Drug and alcohol support workers employed by London-based charity Addaction in Wigan and Leigh have intensified their strike action in a dispute over pay.
Thirty staff will begin five days of strike action on Monday 4 November in their fourth round of industrial action over what they say are Addaction’s broken pay promises.
The staff were previously employed by the NHS but the service, commissioned by Wigan Council, was transferred to the national charity, which has come under fire for its handling of the dispute.
Workers continued to receive pay rises in line with those of NHS employees and were given assurances by the organisation’s managers this would continue into the future.
But when the 1% pay cap in the NHS was removed from April 2018, Addaction refused to implement the promised wage rise. The decision, which will cost each support worker around £1,000 per year, was taken without any consultation or discussion with staff.
Whilst the dispute is rumbling on, Addaction have recently announced that top boss Mike Dixon is leaving the charity this month to become Chief Executive of the Liberal Democrats.
Dixon, who has been Chief Executive of Addaction since May 2017 said: "It’s been a hard decision to leave Addaction. I have continually been inspired by the difference we make, the approach of our staff and volunteers, and the courage of the people we work with."
Commenting on his departure, Wigan MP Lisa Nandy said: "I spent last week with Addaction workers in Wigan who have almost been broken fighting for the pay and conditions they were promised. No charity can serve the most vulnerable by breaking its staff.
“Now their CEO is off to take a job with the Lib Dems.
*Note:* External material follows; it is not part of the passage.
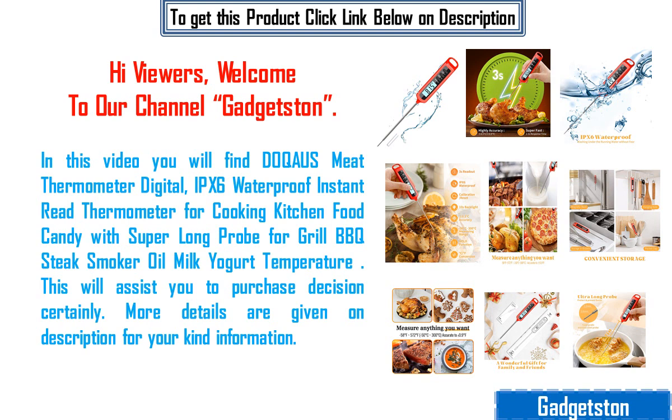This will assist you in your purchase decision certainly. More details are given in the description for your kind information.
I’d like to know if the Lib Dems are interested in the committed, skilled workers who are the difference between life and death for some people struggling with addiction? If so, why have they taken this decision now, in the middle of this dispute when the CEO hasn’t even had the courtesy to meet with workers in Wigan and Leigh to resolve this issue.”
UNISON North West regional organiser Paddy Cleary said: “We wish Mike Dixon all the best in his new role and sincerely hope he treats Lib Dem party staff with more respect and honesty than the Addaction staff in Wigan and Leigh.
“Our experience of working with Mr Dixon has not been positive. He refused to meet with the workers in Wigan and Leigh, who saw pay promises broken by national Addaction decisionmakers, including Dixon.
“These workers give an invaluable service to the community, providing front line support at a time when their services are more in demand than ever. They are pillars of our community and deserve honesty and fair treatment.
“We hope to work with the next Chief Executive to find a swift conclusion to this dispute.”